WHAT TO WORK ON → Give back each line of the data exactly as it reads, minus the pictures.

(Collected data entries)
━━━━━━
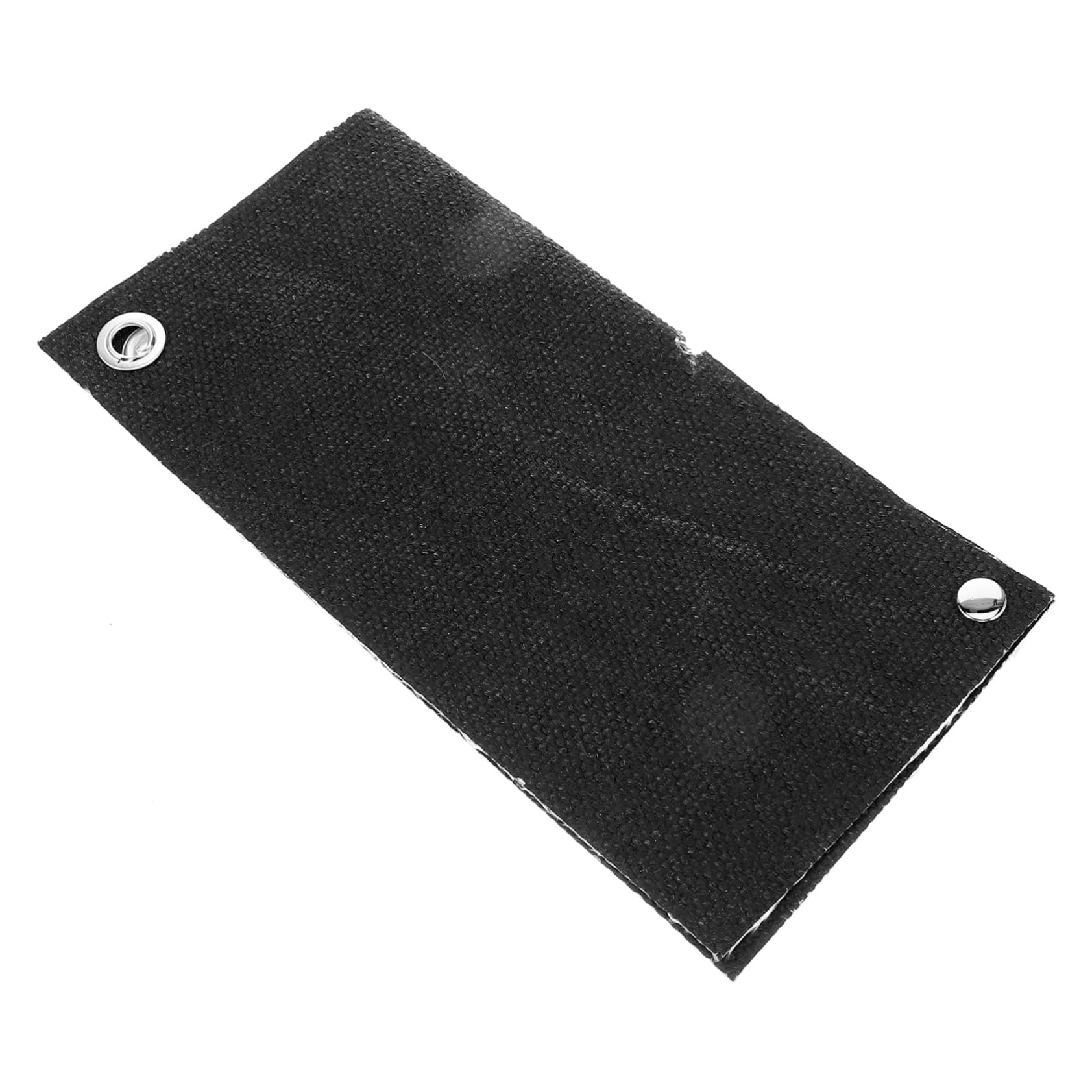 SOLUSTRE 3pezzi Coperta Ignifuga Per Saldatura Antifiamma Per Protezione Saldature e Tagli e Portatile Resistente Temperature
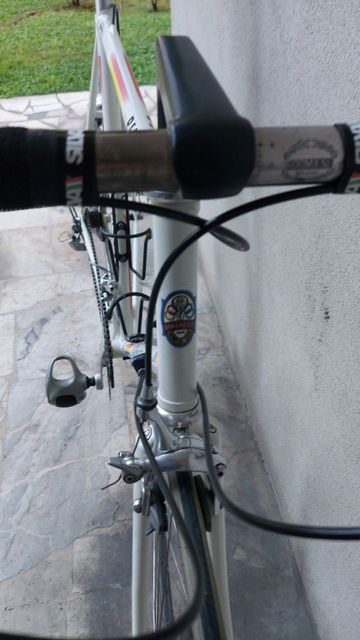 Brugt Pinarello BANESTO 1999 Road & Gravel — billede 4 af 16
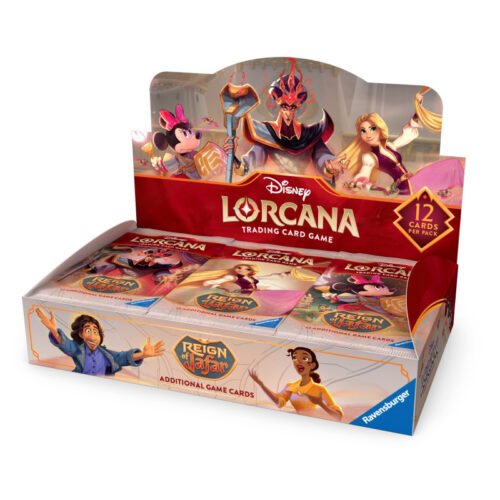 Lorcana - Reign of Jafar - Booster Box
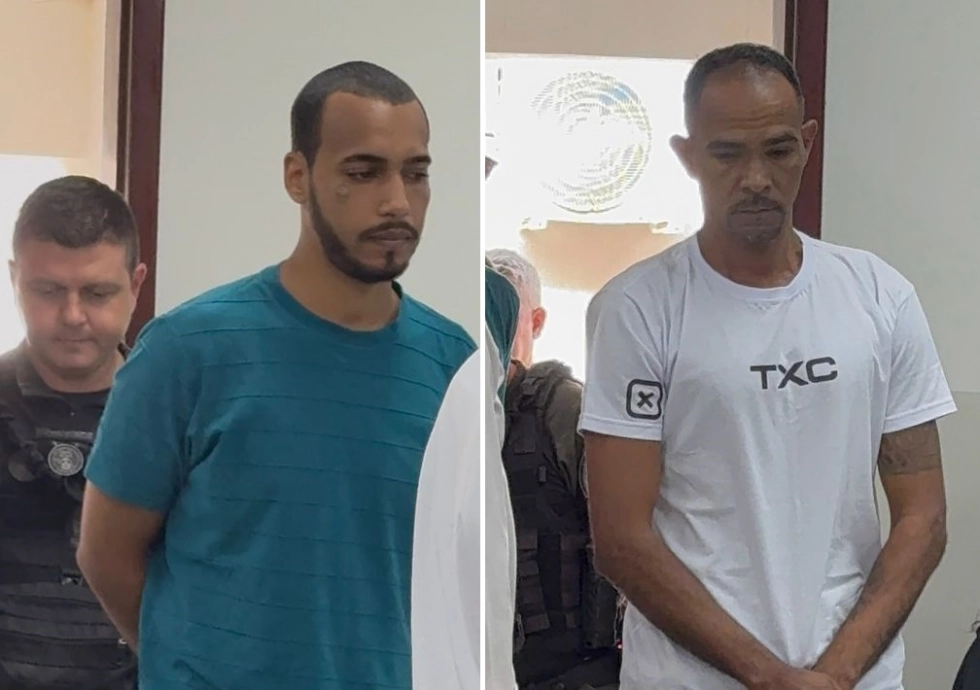 Os homens foram condenados a mais de 6 anos de reclus&atilde;o 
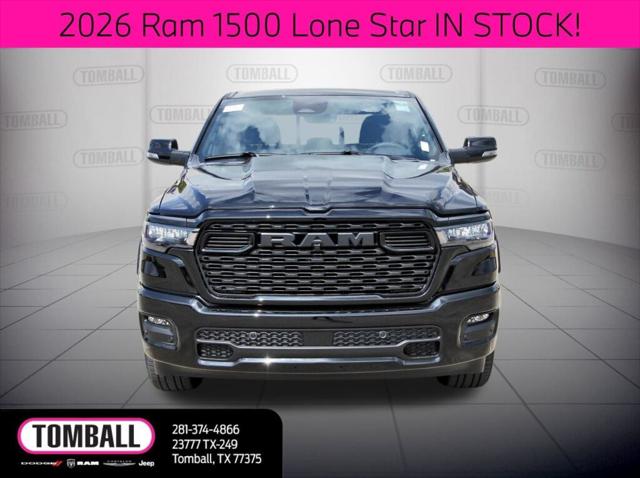 2026 RAM Ram 1500 RAM 1500 LONE STAR CREW CAB 4X4 57 BOX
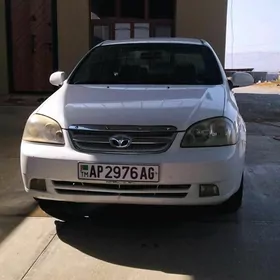 Daewoo Lacetti 2007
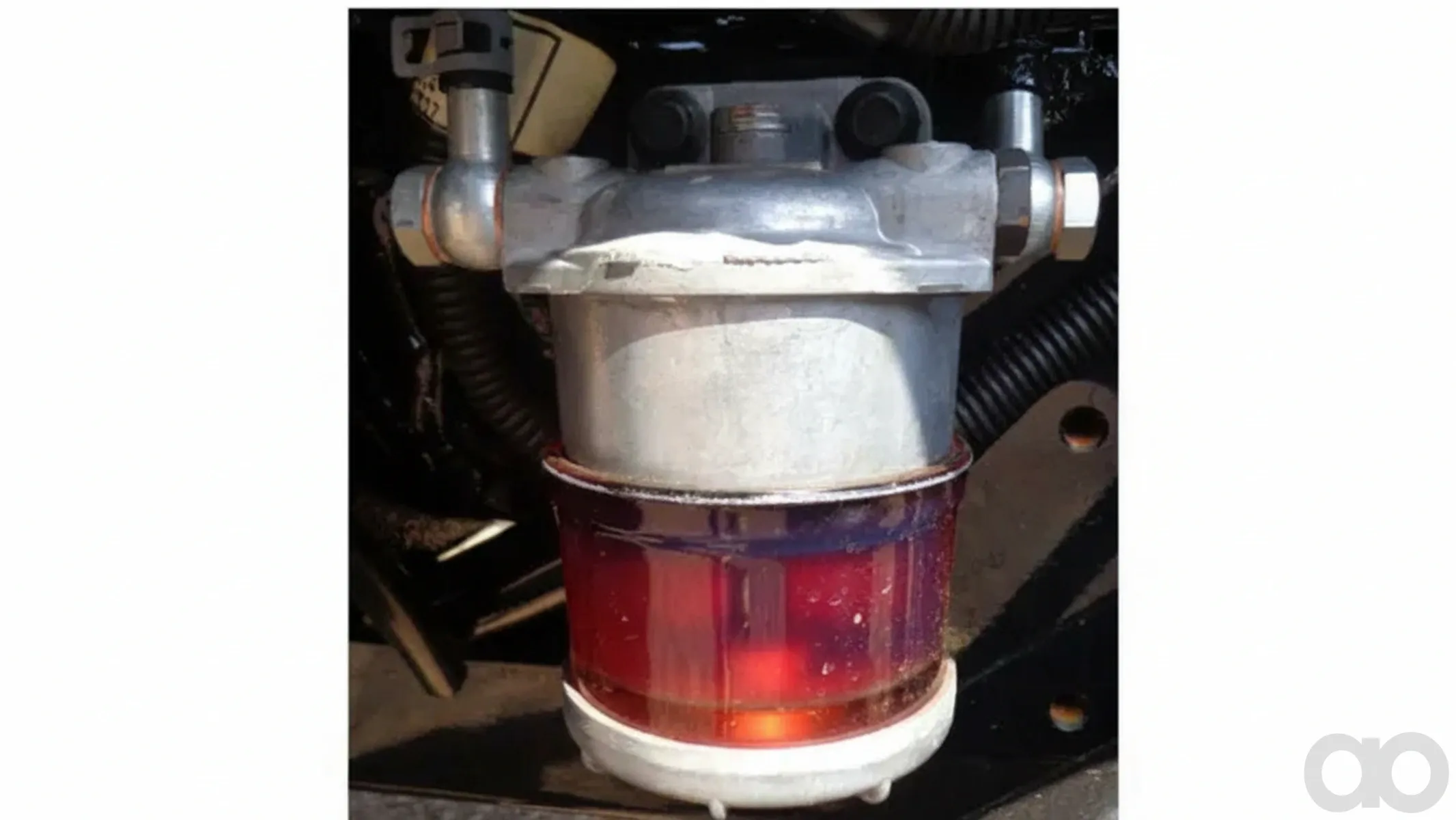 Case IH - 84343883 - Fuel Filter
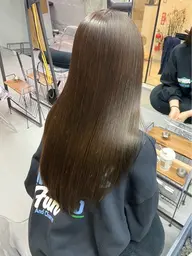 🐻縮毛矯正🐻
━━━━━━
ANSWER SPACE →
 SOLUSTRE 3pezzi Coperta Ignifuga Per Saldatura Antifiamma Per Protezione Saldature e Tagli e Portatile Resistente Temperature
 Brugt Pinarello BANESTO 1999 Road & Gravel — billede 4 af 16
 Lorcana - Reign of Jafar - Booster Box
 Os homens foram condenados a mais de 6 anos de reclus&atilde;o 
 2026 RAM Ram 1500 RAM 1500 LONE STAR CREW CAB 4X4 57 BOX
 Daewoo Lacetti 2007
 Case IH - 84343883 - Fuel Filter
 🐻縮毛矯正🐻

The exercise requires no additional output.